Perform the host maintenance, then confirm the node is back online.

Terminal window
kubectl uncordon <node-name>

Upgrade control plane nodes first, then upgrade workers.

Update k8s_version in ansible/group_vars/all.yaml, then run the provisioning playbook against all nodes.

Run these on each control plane node, one at a time:

Terminal window
sudo kubeadm upgrade plan
TARGET_VERSION="v1.35.x"
sudo kubeadm upgrade apply ${TARGET_VERSION}
sudo apt-get install -y kubelet kubeadm kubectl
sudo systemctl restart kubelet

Replace v1.35.x with the target patch version after checking the latest stable release.

Drain, upgrade, then uncordon each worker:

Terminal window
kubectl drain <worker-name> --ignore-daemonsets --delete-emptydir-data
sudo kubeadm upgrade node
sudo apt-get install -y kubelet kubeadm kubectl
sudo systemctl restart kubelet
kubectl uncordon <worker-name>
Terminal window
kubectl get nodes
kubectl get pods -A

Use this flow to keep every node consistent while maintaining HA.

Host-level versions are pinned in ansible/group_vars/all.yaml:

  • k8s_version for kubeadm/kubelet/kubectl
  • containerd_version for the container runtime
  • cilium_version for the CNI

Cluster-level components (Longhorn, Tailscale, Envoy Gateway, cert-manager, ExternalDNS, ArgoCD) are pinned in their ArgoCD templates or manifests:

  • bootstrap/templates/longhorn.yaml
  • infrastructure/tailscale/tailscale-operator.yaml
  • infrastructure/envoy-gateway/envoy-gateway.yaml
  • infrastructure/envoy-gateway-crds/
  • infrastructure/gateway-api-crds/
  • infrastructure/cert-manager/cert-manager.yaml
  • infrastructure/external-dns/external-dns.yaml
  • infrastructure/external-secrets-crds/
  • bootstrap/templates/*-appset.yaml for repo references
  • Host packages (Kubernetes, containerd): rerun the provisioning playbook on all nodes so every host converges to the same version.
  • Cluster add-ons (Cilium, Longhorn, ArgoCD): update the version in Git and let ArgoCD sync.
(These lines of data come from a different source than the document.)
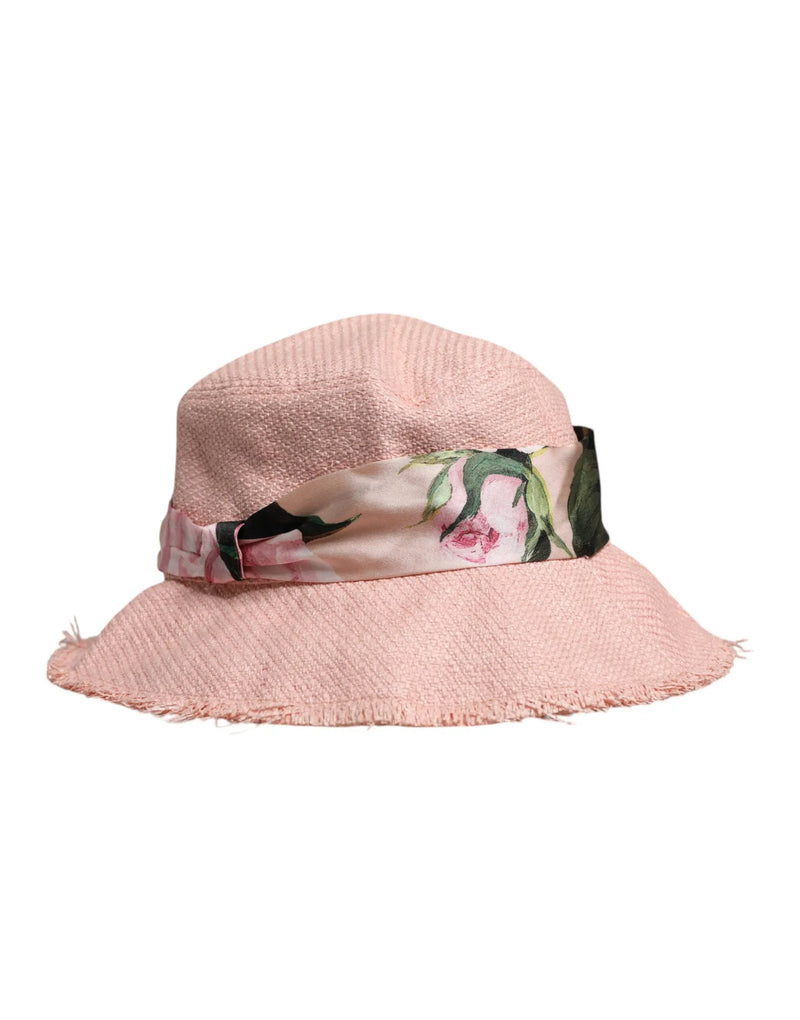 Pink Cotton Wide Brim Bucket Hat Dolce & Gabbana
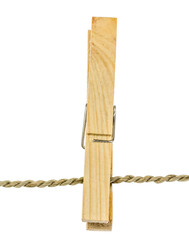 Pince à linge en bois sur ficelle végétale naturelle 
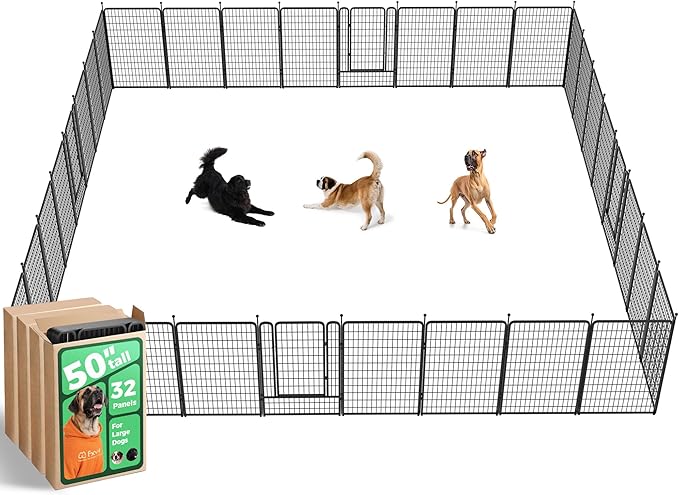 FXW Rollick Unleashed Dog Playpen for Indoor, Yard, RV Camping, 50 inch 32 Panels for Large Dogs, Black│Patented
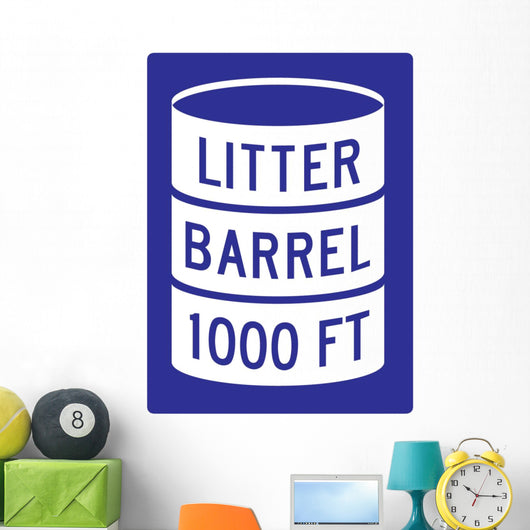 Litter Barrel Sign Wall Decal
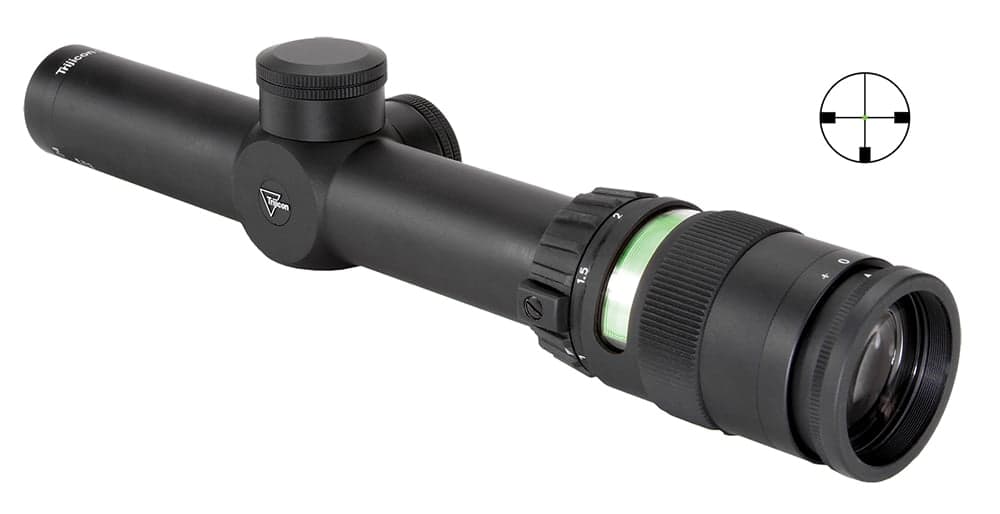 Trijicon AccuPoint 6061 T6 Aluminum Rifle Scope w/ Green Dot, 1x-4x, Hard Coat Anodized - TR24-3G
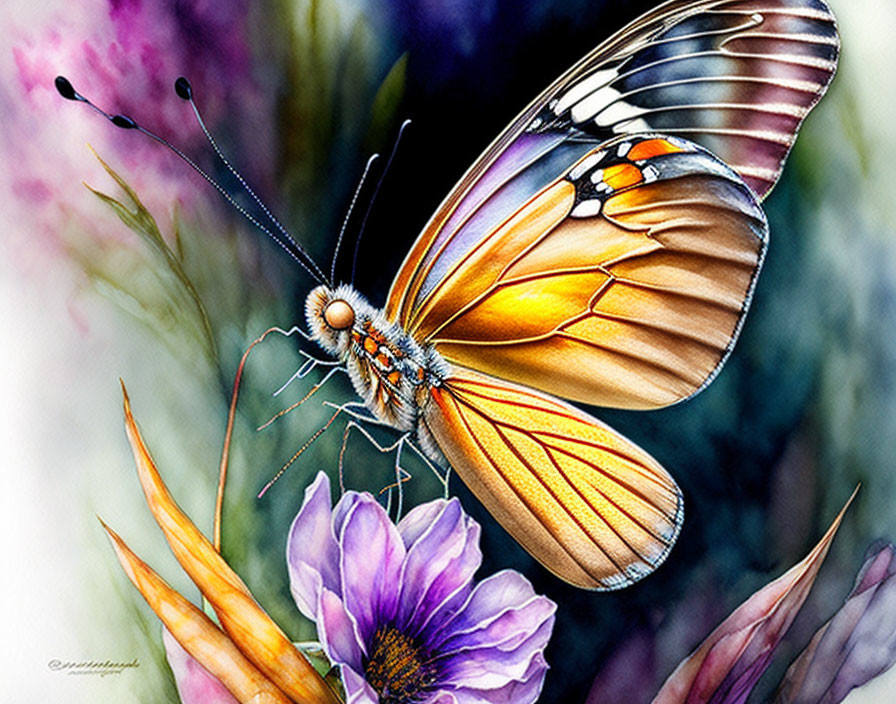 Detailed Butterfly Illustration with Orange and Black Wings on Purple Flowers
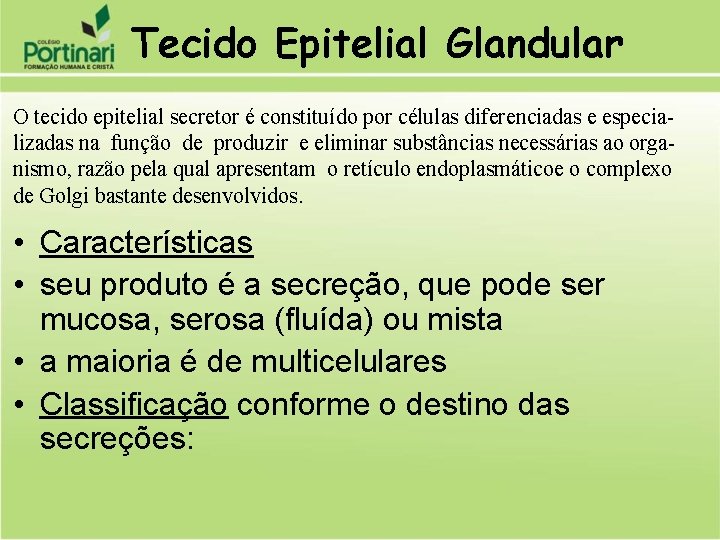 Tecido Epitelial Glandular O tecido epitelial secretor é constituído por células diferenciadas e especializadas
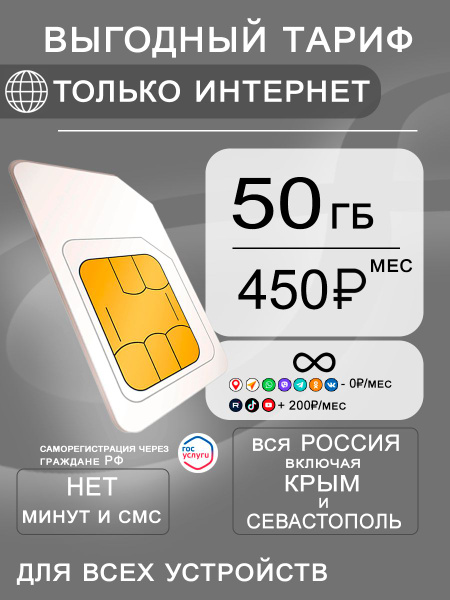 Сим карта для роутера, для модема 50 гб интернета 3G 4G по России за ...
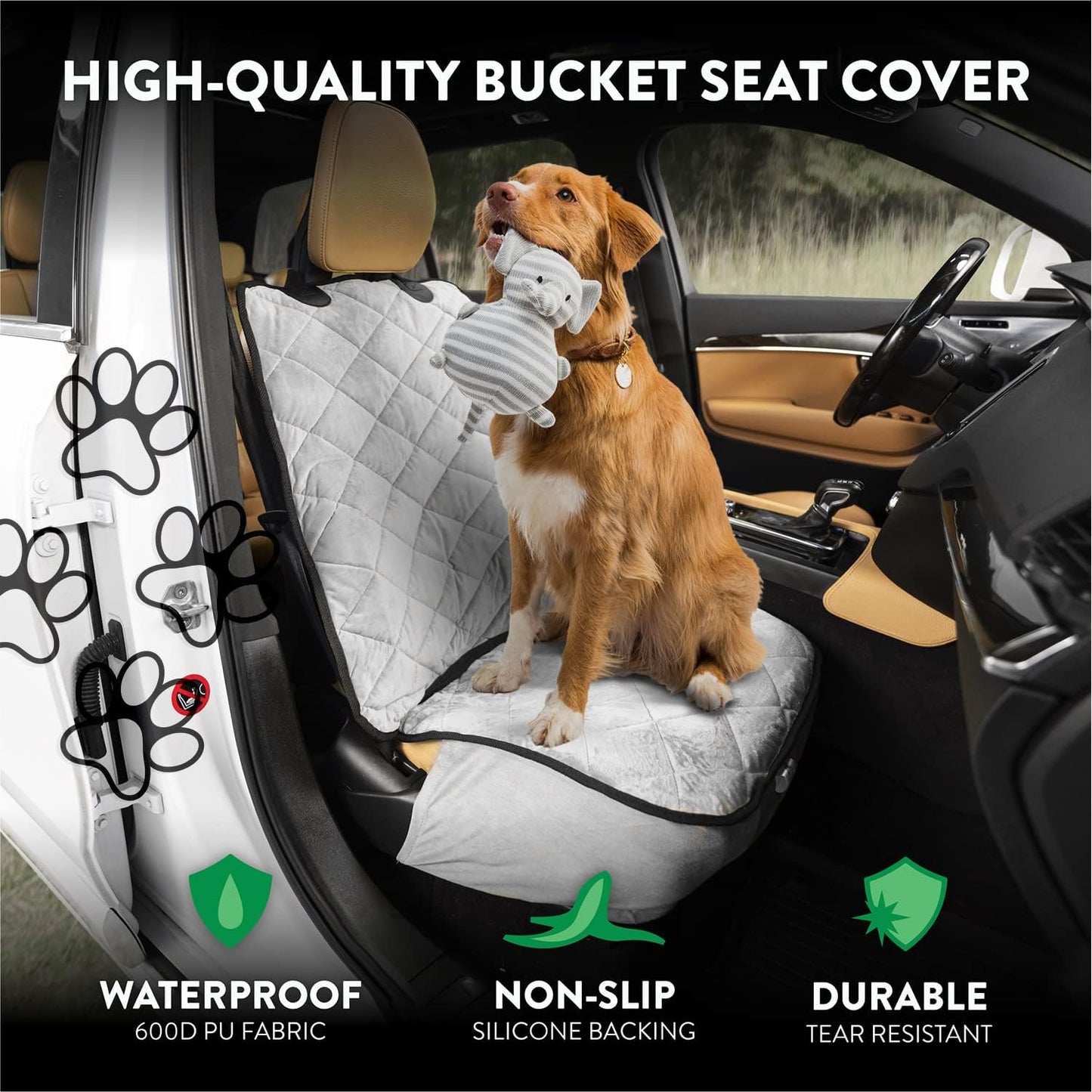Plush Paws Products Premium Bucket Car Seat Protector | Diamond Stitching | Washable & Waterproof Front Seat Dog Cover Car, Truck, & SUV | Nonslip, Tear Resistant Pet Passenger Seat Cover | Grey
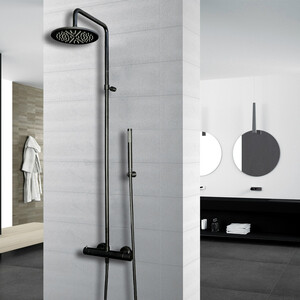 Душевая система Paffoni Birillo Fix с термостатом, черная (8020913533893)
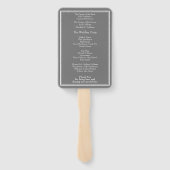 Modernes Minimalistisch-Gray-Hochzeitsprogramm Fächer (Rückseite)
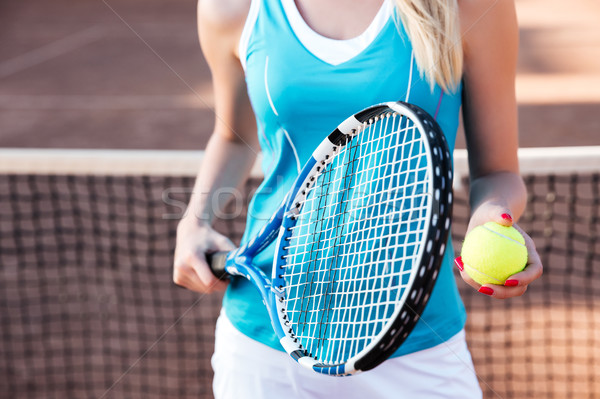 Cropped woman tennis player Stock photo © deandrobot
For Cilium, use cilium upgrade after updating cilium_version.
  • Upgrade control planes one at a time, then workers.
  • Drain nodes before upgrades and uncordon after, as described in the Kubernetes upgrade steps above.
  • Verify health between nodes: kubectl get nodes and kubectl get pods -A.

Update cilium_version in ansible/group_vars/all.yaml and targetRevision in infrastructure/cilium/cilium.yaml, then run:

Terminal window
CILIUM_VERSION=$(grep -E "cilium_version:" ansible/group_vars/all.yaml | head -n 1 | awk -F'\"' '{print $2}')
cilium upgrade --version ${CILIUM_VERSION}
cilium status --wait

Update bootstrap/argocd/kustomization.yaml to the desired ArgoCD release tag.

Terminal window
kubectl apply -k bootstrap/argocd
kubectl wait --for=condition=available --timeout=600s deployment/argocd-server -n argocd

Update targetRevision in bootstrap/templates/longhorn.yaml, then let ArgoCD sync the application.

Use this section when rebuilding a node from bare metal or VM images:

Install Ubuntu 24.04 LTS and log in as a user with sudo. Clone this repo and review the pinned versions and paths in ansible/group_vars/all.yaml.

Run the Ansible provisioning playbook, then continue at Kubernetes.

Follow the bare metal tutorial path in order, starting with Prerequisites.

If you are rebuilding with existing data disks for Longhorn, ensure the storage path in bootstrap/templates/longhorn.yaml points to the correct mount before applying bootstrap/root.yaml.